Data segment:
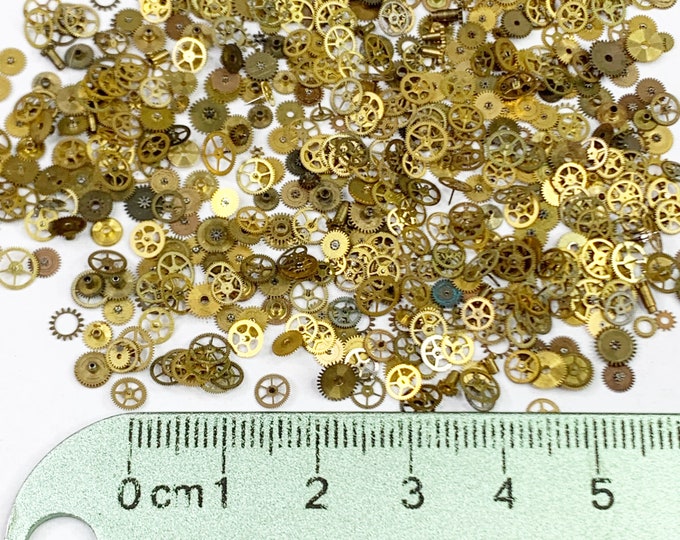 25 Hour Wheels 5.5mm Gold Watch Parts Steampunk Gears Art Repair
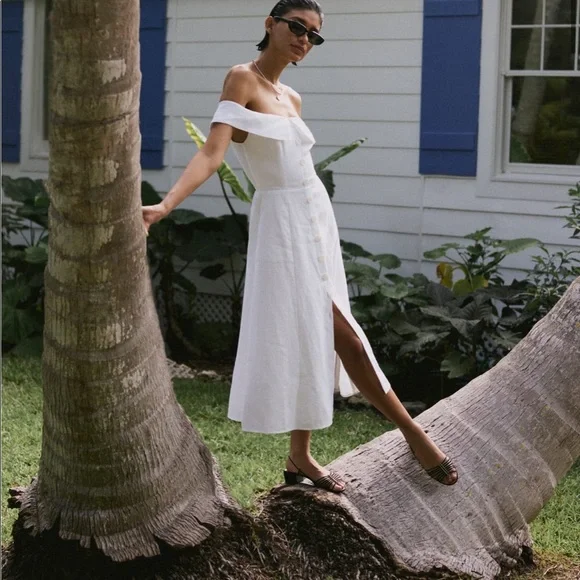 Reformation | Dresses | Nwt Reformation Adriel Linen Dress White | Poshmark Reformation | Dresses | Nwt Reformation Adriel Linen Dress White | Poshmark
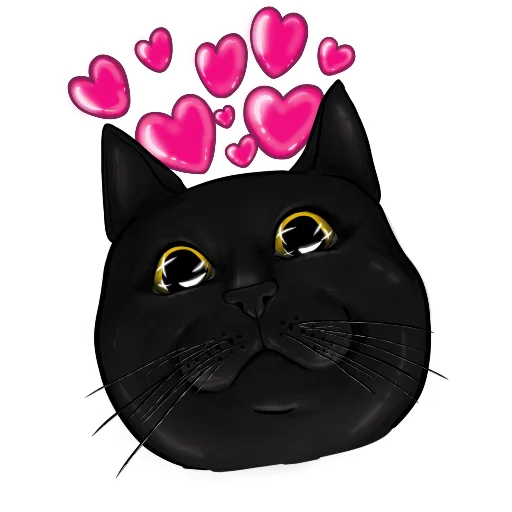 🐈‍⬛ Стикер «Alister the cat» для Telegram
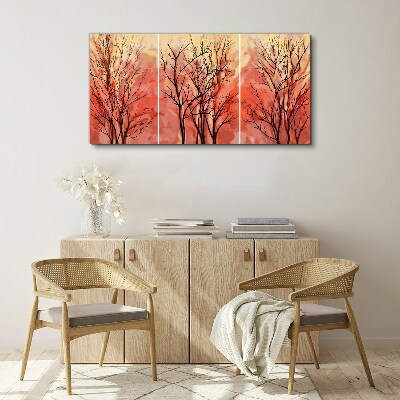 Obraz Canvas Jesienne drzewa w pastelowych barwach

Description of the task: The answer is the listing above restated word for word, pictures removed.

Finished task:
 25 Hour Wheels 5.5mm Gold Watch Parts Steampunk Gears Art Repair
 Reformation | Dresses | Nwt Reformation Adriel Linen Dress White | Poshmark Reformation | Dresses | Nwt Reformation Adriel Linen Dress White | Poshmark
 🐈‍⬛ Стикер «Alister the cat» для Telegram
 Obraz Canvas Jesienne drzewa w pastelowych barwach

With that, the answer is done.